*** Block opens ***

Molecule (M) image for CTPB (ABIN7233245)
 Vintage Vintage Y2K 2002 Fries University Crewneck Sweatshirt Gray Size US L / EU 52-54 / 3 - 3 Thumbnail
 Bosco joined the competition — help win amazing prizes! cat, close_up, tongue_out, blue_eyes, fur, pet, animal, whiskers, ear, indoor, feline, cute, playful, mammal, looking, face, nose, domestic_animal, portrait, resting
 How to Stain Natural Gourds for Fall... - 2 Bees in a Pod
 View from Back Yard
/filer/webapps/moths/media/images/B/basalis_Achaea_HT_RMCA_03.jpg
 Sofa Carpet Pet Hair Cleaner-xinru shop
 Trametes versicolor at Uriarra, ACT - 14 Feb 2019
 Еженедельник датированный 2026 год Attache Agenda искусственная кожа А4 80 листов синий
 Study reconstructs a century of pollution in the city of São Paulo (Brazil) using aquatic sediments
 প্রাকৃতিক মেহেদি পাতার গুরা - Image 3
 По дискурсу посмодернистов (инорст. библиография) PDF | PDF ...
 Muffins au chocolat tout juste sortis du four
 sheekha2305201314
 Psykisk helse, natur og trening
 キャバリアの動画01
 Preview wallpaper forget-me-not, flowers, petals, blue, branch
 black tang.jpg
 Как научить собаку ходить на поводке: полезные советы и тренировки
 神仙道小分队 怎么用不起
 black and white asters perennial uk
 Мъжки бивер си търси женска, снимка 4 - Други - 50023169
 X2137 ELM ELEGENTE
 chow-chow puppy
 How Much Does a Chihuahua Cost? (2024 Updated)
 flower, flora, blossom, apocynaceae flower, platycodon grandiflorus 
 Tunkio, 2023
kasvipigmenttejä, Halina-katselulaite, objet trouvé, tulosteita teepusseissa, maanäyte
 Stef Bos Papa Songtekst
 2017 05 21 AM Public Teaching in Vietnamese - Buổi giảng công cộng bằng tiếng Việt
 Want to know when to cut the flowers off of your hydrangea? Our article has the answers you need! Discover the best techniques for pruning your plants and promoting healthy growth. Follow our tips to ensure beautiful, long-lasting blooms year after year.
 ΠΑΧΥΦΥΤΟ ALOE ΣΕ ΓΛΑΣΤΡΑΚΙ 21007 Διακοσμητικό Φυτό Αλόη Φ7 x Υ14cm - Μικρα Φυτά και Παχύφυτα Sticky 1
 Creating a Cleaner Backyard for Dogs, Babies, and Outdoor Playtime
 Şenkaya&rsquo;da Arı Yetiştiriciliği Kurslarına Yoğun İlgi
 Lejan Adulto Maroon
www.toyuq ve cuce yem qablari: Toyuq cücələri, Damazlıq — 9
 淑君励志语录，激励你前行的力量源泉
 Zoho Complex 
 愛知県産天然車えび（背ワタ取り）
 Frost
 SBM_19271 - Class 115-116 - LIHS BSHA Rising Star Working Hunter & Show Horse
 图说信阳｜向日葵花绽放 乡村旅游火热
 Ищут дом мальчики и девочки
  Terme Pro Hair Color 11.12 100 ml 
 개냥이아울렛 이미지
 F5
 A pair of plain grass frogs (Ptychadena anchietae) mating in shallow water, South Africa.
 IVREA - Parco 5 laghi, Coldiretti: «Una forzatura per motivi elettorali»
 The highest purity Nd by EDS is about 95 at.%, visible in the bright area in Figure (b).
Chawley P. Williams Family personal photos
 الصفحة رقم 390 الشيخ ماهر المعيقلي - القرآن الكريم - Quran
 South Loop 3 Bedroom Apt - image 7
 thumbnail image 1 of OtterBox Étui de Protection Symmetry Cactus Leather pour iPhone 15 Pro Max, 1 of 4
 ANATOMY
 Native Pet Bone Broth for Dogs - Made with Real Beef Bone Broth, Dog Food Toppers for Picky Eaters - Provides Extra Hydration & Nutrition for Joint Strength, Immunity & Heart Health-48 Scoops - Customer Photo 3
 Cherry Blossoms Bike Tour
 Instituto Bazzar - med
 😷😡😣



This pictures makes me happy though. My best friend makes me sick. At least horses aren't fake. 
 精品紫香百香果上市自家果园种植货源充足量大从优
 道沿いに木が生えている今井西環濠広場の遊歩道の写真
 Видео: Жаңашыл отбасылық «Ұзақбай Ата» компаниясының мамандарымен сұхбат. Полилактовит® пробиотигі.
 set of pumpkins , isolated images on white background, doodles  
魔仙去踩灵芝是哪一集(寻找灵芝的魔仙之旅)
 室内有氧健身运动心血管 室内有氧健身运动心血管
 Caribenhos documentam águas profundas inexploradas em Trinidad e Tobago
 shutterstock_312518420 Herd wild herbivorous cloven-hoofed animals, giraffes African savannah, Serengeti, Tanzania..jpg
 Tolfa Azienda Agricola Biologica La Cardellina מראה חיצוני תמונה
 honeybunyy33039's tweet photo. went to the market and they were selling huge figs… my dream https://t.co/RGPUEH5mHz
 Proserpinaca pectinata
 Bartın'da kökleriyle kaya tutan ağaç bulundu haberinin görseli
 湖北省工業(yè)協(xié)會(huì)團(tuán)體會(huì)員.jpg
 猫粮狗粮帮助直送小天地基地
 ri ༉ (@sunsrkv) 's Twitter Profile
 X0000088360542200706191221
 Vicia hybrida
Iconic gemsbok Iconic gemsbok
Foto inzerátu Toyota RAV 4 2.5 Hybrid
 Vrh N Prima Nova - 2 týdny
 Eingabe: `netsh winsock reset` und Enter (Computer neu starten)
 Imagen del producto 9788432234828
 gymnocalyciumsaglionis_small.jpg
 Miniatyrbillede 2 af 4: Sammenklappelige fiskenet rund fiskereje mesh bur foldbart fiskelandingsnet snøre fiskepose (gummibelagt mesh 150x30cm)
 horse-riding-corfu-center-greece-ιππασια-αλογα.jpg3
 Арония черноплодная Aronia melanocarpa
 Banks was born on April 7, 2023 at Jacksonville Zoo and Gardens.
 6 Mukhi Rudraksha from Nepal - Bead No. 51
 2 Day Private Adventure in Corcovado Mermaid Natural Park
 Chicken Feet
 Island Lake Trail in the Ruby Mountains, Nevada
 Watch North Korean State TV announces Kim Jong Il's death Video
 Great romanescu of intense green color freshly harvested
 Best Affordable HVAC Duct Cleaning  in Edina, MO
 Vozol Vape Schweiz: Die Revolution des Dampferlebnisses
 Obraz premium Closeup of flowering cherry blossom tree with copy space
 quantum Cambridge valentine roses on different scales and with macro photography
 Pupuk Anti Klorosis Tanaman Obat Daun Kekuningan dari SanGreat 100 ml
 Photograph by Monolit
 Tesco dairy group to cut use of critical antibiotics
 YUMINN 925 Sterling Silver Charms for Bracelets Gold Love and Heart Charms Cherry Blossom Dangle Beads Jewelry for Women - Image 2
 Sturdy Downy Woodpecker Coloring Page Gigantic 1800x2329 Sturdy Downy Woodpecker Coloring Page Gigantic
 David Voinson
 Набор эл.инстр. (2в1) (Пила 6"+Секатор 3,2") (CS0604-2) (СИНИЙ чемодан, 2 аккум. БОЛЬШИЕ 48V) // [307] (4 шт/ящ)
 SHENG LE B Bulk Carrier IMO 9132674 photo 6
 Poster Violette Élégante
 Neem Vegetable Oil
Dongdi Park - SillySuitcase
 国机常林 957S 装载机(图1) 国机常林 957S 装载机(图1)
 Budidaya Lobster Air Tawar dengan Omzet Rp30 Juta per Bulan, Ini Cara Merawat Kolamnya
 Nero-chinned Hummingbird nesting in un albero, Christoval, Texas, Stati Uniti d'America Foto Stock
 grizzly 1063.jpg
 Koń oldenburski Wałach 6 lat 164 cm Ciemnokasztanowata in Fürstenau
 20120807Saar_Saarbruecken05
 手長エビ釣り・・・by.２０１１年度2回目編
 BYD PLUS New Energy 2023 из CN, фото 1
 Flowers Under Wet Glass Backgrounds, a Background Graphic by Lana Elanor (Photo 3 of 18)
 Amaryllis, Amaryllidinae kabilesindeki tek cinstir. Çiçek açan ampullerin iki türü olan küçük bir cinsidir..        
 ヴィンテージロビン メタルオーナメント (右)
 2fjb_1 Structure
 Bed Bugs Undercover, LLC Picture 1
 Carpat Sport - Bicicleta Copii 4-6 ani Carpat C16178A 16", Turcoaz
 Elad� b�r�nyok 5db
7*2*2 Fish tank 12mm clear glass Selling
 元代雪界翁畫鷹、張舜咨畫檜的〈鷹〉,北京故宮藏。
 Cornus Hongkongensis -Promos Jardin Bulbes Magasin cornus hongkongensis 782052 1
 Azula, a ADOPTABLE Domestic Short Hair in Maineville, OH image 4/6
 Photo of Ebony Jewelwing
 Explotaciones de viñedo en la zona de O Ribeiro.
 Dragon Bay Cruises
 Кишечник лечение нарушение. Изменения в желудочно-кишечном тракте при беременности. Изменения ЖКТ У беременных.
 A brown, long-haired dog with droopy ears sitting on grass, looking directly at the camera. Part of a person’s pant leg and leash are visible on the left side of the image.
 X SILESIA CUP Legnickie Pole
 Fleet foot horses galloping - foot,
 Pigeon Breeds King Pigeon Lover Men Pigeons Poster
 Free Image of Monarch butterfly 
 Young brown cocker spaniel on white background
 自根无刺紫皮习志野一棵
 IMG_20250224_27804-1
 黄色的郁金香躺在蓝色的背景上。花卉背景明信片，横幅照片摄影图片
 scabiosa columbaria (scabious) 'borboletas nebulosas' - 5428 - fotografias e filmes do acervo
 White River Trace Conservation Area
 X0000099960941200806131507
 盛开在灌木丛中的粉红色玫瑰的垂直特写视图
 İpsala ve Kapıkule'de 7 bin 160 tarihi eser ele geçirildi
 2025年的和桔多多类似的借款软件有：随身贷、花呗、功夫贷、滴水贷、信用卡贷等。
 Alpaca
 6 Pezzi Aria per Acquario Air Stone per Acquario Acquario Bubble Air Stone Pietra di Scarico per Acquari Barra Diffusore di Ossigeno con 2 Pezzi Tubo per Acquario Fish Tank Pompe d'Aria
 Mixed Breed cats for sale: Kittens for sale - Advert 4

*** Block closes ***

[Activity]
Exactly as written, reproduce the lines of the data above from the first line through the line where "Tunkio, 2023" appears.

[Task response]
Molecule (M) image for CTPB (ABIN7233245)
 Vintage Vintage Y2K 2002 Fries University Crewneck Sweatshirt Gray Size US L / EU 52-54 / 3 - 3 Thumbnail
 Bosco joined the competition — help win amazing prizes! cat, close_up, tongue_out, blue_eyes, fur, pet, animal, whiskers, ear, indoor, feline, cute, playful, mammal, looking, face, nose, domestic_animal, portrait, resting
 How to Stain Natural Gourds for Fall... - 2 Bees in a Pod
 View from Back Yard
/filer/webapps/moths/media/images/B/basalis_Achaea_HT_RMCA_03.jpg
 Sofa Carpet Pet Hair Cleaner-xinru shop
 Trametes versicolor at Uriarra, ACT - 14 Feb 2019
 Еженедельник датированный 2026 год Attache Agenda искусственная кожа А4 80 листов синий
 Study reconstructs a century of pollution in the city of São Paulo (Brazil) using aquatic sediments
 প্রাকৃতিক মেহেদি পাতার গুরা - Image 3
 По дискурсу посмодернистов (инорст. библиография) PDF | PDF ...
 Muffins au chocolat tout juste sortis du four
 sheekha2305201314
 Psykisk helse, natur og trening
 キャバリアの動画01
 Preview wallpaper forget-me-not, flowers, petals, blue, branch
 black tang.jpg
 Как научить собаку ходить на поводке: полезные советы и тренировки
 神仙道小分队 怎么用不起
 black and white asters perennial uk
 Мъжки бивер си търси женска, снимка 4 - Други - 50023169
 X2137 ELM ELEGENTE
 chow-chow puppy
 How Much Does a Chihuahua Cost? (2024 Updated)
 flower, flora, blossom, apocynaceae flower, platycodon grandiflorus 
 Tunkio, 2023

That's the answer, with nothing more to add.